REPUBLIKA.CO.ID, JAKARTA -- Pengamat terorisme dari Community of Ideological Islamic Analyst (CIIA) Harits Abu Ulya mengatakan pemerintah harus bijak menghadapi penyanderaan warga negara Indonesia (WNI) oleh kelompok Abu Sayyaf di Filipina. Intinya, pemerintah harus lebih serius membebaskan 14 WNI yang tersandera.
“Memaksimalkan semua saluran dan cara yang memungkinkan dengan prioritas keselamatan nyawa mereka,” ujar Harits saat dihubungi Republika.co.id, Selasa (19/4).
Hal yang lebih penting, kata dia, Indonesia perlu merumuskan langkah-langkah strategis dan taktis untuk mengurangi atau mencegah kejadian berulang. Tentu ini terkait kerja sama multilateral di kawasan regional.
“Jika perlu pendekatan ekonomi, Indonesia berkontribusi secara aktif untuk meningkatkan pertumbuhan kawasan Filipina Selatan yang sangat miskin,” kata Harits.

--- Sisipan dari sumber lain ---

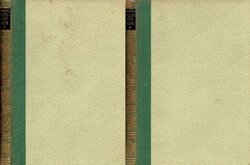 Putositnice (3.izd.) I-II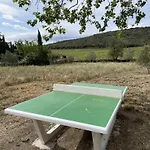 La Maison Du Berger Casa vacanze *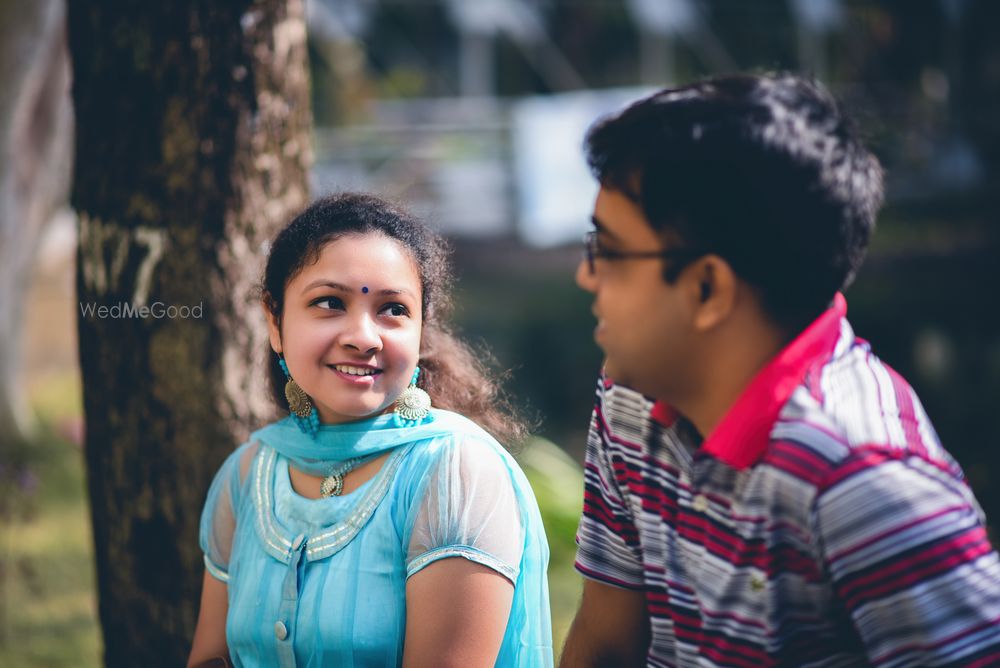 Photo From Ranadip and Promita - By WeddNama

Menurut dia, itu langkah strategis jangka panjang yang akan bisa mereduksi banyak tindak kriminal yang disebabkan faktor lemahnya ekonomi dan hilangnya rasa keadilan.
Seperti diberitakan sebelumnya, pembebasan 10 WNI yang disandera kelompok Abu Sayyaf di Filipina masih dalam tahap negosiasi antara perusahaan dengan pihak penawan.
Perusahaan sepakat membayar 50 juta peso atau setara Rp 37,7 miliar untuk membebaskan 10 WNI tersebut. Untuk empat orang yang ditahan lainnya, pemerintah masih mencoba melakukan kontak dan mendeteksi lokasi keberadaan mereka.